Vitamin B12 and Folate in Hip Fracture After Stroke.





Related Monographs

Consumer Data: Folic Acid Stroke Vitamin B12
Professional Data: Folic Acid Stroke Vitamin B12


The term "stroke" or "paralytic stroke" is commonly used to describe a sudden problem with the brain that is usually related to its blood supply. A "stroke," therefore, can be due to ischemia (decreased blood supply), infarction (interrupted blood supply), or hemorrhage (severe bleeding), and usually means that there is some kind of permanent problem with the nervous system. All three of these causes (ischemia, infarction, or hemorrhage) would be due to cerebrovascular disease (disease related to the blood supply to the brain).

Cerebrovascular disease can be described as any disease affecting the blood vessels, blood flow, or quality of the blood in the brain. Other terms for this disease include apoplexy or cerebrovascular accident (CVA). In the United States, the term stroke is most often used. Most strokes are caused by ischemia and infarction because of diseases of the large, small, and medium-sized arteries in the brain. Cerebral embolism (blood clot in the brain) causes strokes about 20 percent of the time. Hemorrhage into the brain tissue account for about 15 percent of all strokes.

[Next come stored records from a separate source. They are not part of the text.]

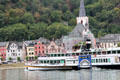 Sightseeing boat with St. Goar in the background. St. Goar, Germany.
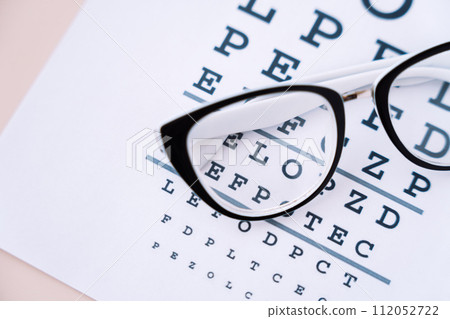 Vision glasses with black frames on a Snellen chart close up Vision glasses with black frames on a Snellen chart close up 112052722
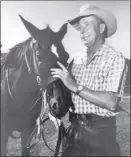  ?? Photo courtesy of Wendy Rice Peterson ?? Harold “Oskie” Rice stands with his favorite horse Blackjack in this photo taken in1960.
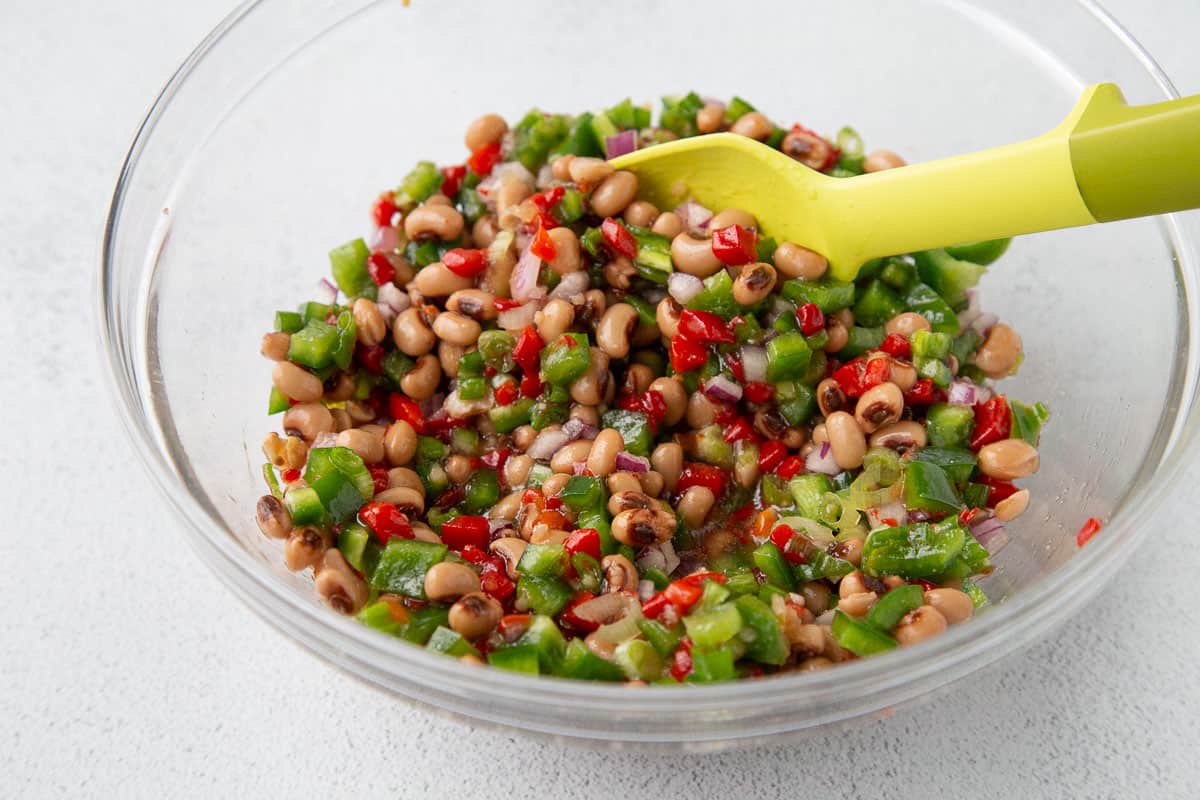 glass bowl filled with black eyed peas and veggies.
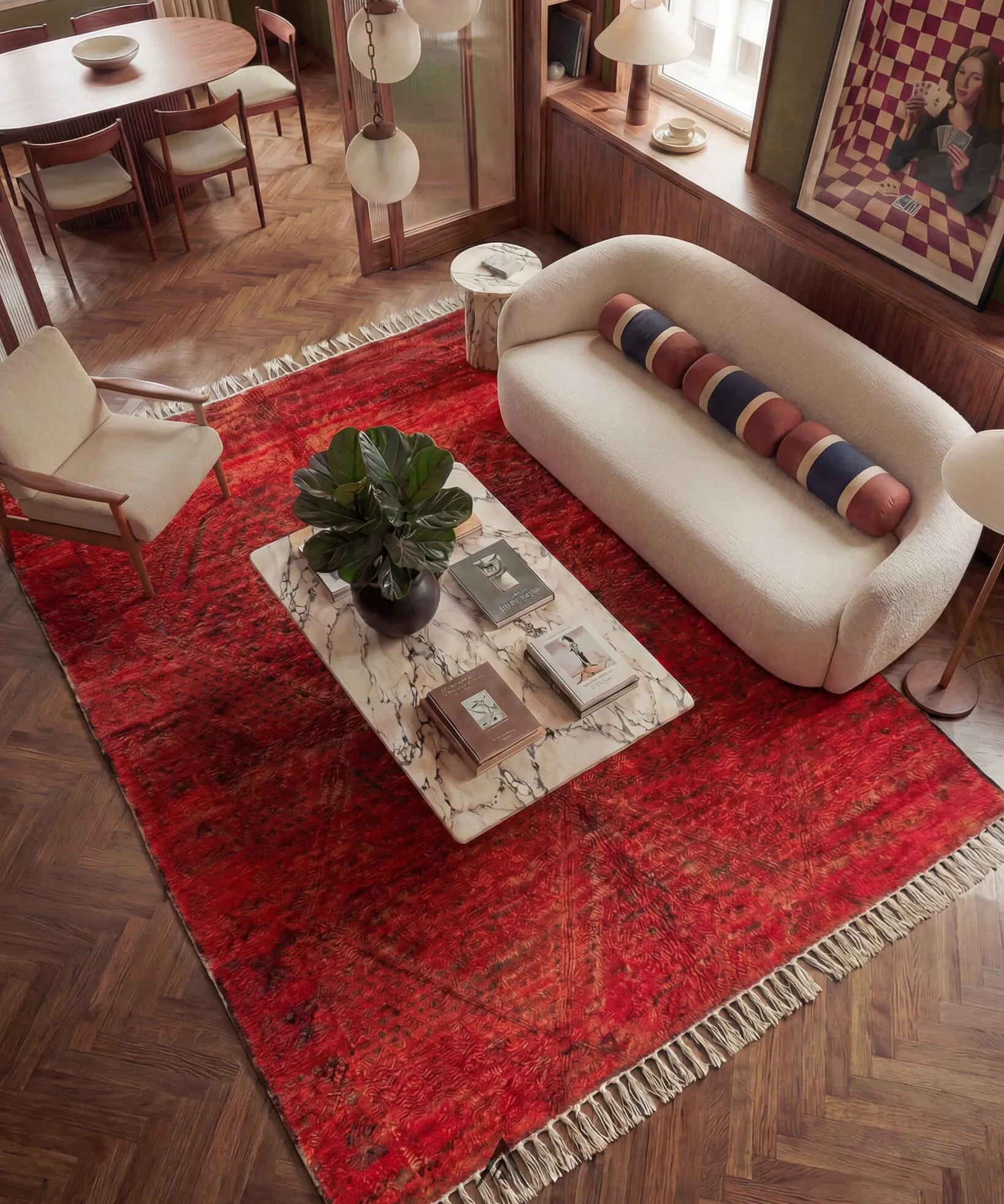 Living room with a red vintage moroccan rug, white sofa, and decorative items.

A recent study stated that stroke increases the risk of hip fractures by 2 to 4 times. This study published in the Journal of the American Medical Association investigated the role of folate and vitamin B12 supplementation in the prevention of these fractures. Researchers recruited 628 participants who had suffered from a stroke. These individuals received either placebo or 500mg of folate and 1500IU of vitamin B12 daily. 559 participants completed the study. After two years of treatment, the risk of fracture per 1000-patient years was 43 for the placebo group and 10 for the treatment group. The authors concluded that treatment with folate and vitamin B12 may reduce the risk of hip fracture after stroke.1


1. Sato Y, et al. Effect of Folate and Mecobalamin on Hip Fractures in Patients With Stroke. JAMA. Mar 2005; 293:1082-1088.